Study Title:
A randomized, Observer-blind, Placebo-Controlled, Two-part, Phase 2 Study to Evaluate the Safety, Tolerability and Immunogenicity of Two Prime-Boost Regimens of the Candidate Prophylactic Vaccines for Ebola Ad26.ZEBOV and MVA-BN-Filo (VAC52150EBL2003)
Sponsor Name: Janssen Vaccines & Prevention B.V
Application Number: TFDA0016/CTR/0001, Date Received: 18/01/2016
Principal Investigator: Dr. Nyanda Elias Ntinginya NIMR - MMRC P.O. Box 2410, Mbeya, Tanzania
Intervention Medicinal Product Status of IMP
Ad26.ZEBOV and MVA-BN-Filo Unregistered
Primary Disease: Ebola
Trial Site: NIMR-Mbeya Medical Research Centre (MMRC) P.O. Box 2410, Mbeya, Tanzania
Start / Approval Date: 04th March 2017, Status / Approval Remark: Approved
Primary Purpose: The purpose of this study is to assess the safety, tolerability and immunogenicity of different vaccination schedules of Ad26.ZEBOV and MVA-BN-Filo administered intramuscularly (IM) as heterologous prime-boost regimens in healthy and in HIV-infected adults.
Study Phase: Phase II
Study Type: Interventional
Expected Completion Date: 18 April 2019
Target Sample Size: 575
Recruitment Status: Recruitment ended
Primary Outcome Measures:
1. Number of Participants With Adverse Events [ Time Frame: Up to Day 42 post-boost visit ]
2. Number of Participants With Serious Adverse Events [ Time Frame: Continuous throughout the duration of the study (up to 1 year post boost visit +/- 1 month) ]
3. Number of Participants with Solicited Local and Systemic Adverse Events [ Time Frame: Up to 7 days after each study vaccination ]

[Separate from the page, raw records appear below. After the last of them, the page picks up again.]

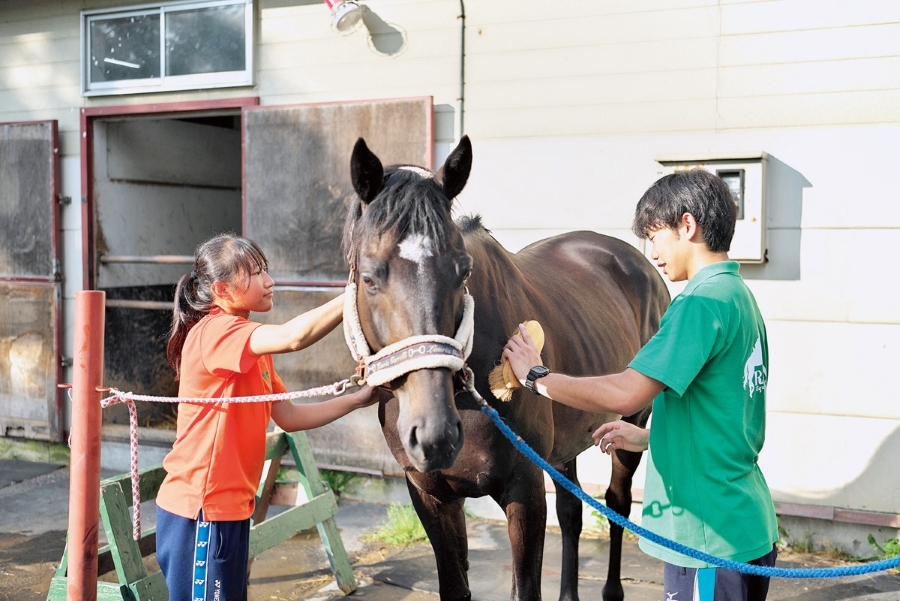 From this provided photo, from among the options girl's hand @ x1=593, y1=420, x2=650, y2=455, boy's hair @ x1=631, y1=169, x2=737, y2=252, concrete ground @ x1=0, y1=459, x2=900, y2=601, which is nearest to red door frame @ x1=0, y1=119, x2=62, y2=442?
concrete ground @ x1=0, y1=459, x2=900, y2=601

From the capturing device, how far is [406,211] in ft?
5.85

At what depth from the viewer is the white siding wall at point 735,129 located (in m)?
3.80

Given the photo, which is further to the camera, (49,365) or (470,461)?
(49,365)

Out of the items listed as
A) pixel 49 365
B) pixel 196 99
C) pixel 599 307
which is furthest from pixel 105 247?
pixel 599 307

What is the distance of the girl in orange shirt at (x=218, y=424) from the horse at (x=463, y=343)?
30cm

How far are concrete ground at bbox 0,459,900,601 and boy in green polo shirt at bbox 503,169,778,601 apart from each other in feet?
6.00

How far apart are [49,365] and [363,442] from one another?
7.54ft

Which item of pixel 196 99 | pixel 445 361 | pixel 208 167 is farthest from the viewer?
pixel 208 167

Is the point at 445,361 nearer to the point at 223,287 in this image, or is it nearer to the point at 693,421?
the point at 693,421

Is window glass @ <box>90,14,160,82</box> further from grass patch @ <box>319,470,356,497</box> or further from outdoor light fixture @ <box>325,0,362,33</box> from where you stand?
grass patch @ <box>319,470,356,497</box>

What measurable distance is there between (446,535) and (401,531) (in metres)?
1.78

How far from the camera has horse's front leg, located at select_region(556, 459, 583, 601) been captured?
3.31m

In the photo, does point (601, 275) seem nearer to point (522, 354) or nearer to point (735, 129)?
point (735, 129)

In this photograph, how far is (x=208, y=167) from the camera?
6.65 meters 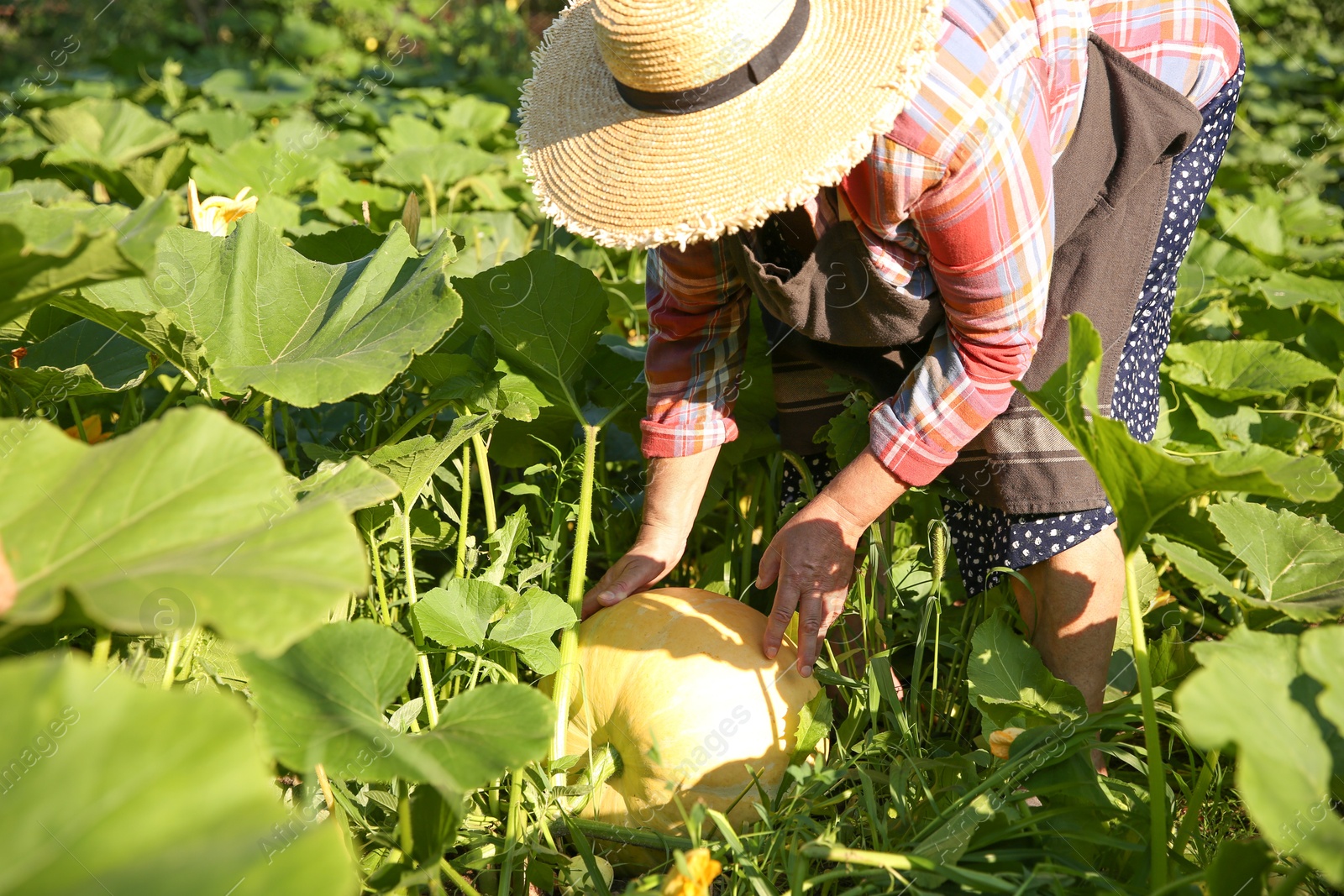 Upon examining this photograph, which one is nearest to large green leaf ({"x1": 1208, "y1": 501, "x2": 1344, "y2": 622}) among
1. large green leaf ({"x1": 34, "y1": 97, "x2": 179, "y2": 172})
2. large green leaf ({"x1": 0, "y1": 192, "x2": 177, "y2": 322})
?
large green leaf ({"x1": 0, "y1": 192, "x2": 177, "y2": 322})

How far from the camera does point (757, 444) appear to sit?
1887mm

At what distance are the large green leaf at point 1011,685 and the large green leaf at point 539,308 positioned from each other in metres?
0.69

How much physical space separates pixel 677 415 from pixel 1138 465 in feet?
2.59

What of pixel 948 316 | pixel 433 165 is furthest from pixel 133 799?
pixel 433 165

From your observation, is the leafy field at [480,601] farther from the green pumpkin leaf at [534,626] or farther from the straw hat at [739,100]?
the straw hat at [739,100]

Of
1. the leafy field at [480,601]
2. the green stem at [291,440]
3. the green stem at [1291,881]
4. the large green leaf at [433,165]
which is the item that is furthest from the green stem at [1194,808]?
the large green leaf at [433,165]

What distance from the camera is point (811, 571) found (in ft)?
4.63

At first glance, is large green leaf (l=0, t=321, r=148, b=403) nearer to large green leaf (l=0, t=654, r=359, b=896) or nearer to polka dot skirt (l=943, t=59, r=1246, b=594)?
large green leaf (l=0, t=654, r=359, b=896)

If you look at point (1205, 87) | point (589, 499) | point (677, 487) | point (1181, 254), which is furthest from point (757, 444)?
point (1205, 87)

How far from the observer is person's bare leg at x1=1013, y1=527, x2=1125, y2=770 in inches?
59.2

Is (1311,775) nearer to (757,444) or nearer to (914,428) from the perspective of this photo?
(914,428)

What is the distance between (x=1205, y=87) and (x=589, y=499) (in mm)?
1083

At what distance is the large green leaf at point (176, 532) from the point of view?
29.4 inches

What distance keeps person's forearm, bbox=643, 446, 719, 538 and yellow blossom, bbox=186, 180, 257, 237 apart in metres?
0.72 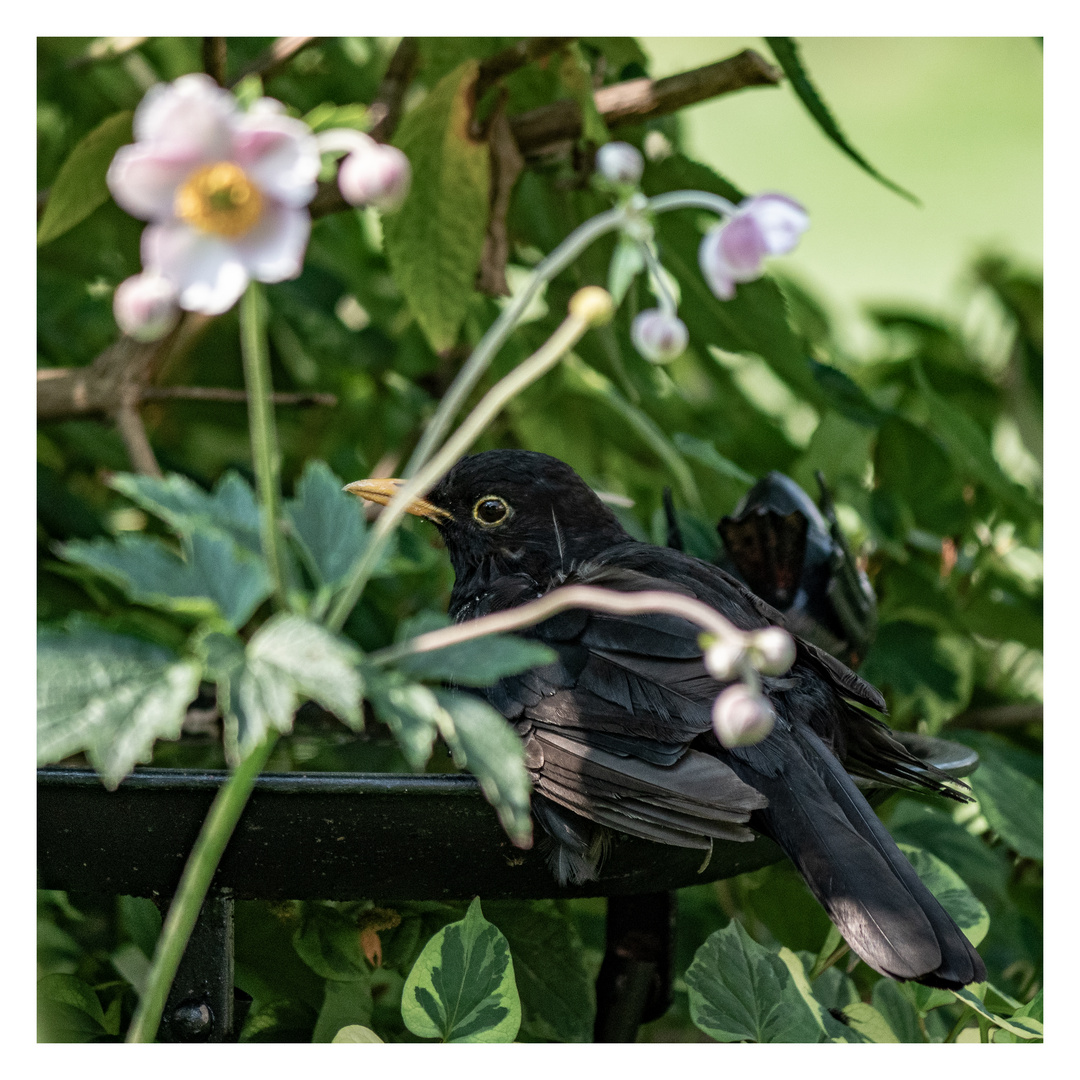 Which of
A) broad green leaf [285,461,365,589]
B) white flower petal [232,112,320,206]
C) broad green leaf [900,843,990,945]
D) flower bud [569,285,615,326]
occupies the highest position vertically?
white flower petal [232,112,320,206]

4. Antibody levels against the ebola virus glycoprotein (EBOV GP) measured by an enzyme-linked immunosorbent assay (ELISA) [ Time Frame: Up to day 21 after boost vaccination ]

Secondary Outcome Measures:
1 .Comparison of Safety and Tolerability of Ad26.ZEBOV/MVA-BN-Filo and MVA-BN- Filo/Ad26.ZEBOV Regimens Between Healthy and HIV-Infected Adults [ Time Frame: Up to 1 year post boost ]
The comparison will be made on the basis of treatment emergent adverse events as well as comparison of the solicited local and systemic adverse events for tolerability.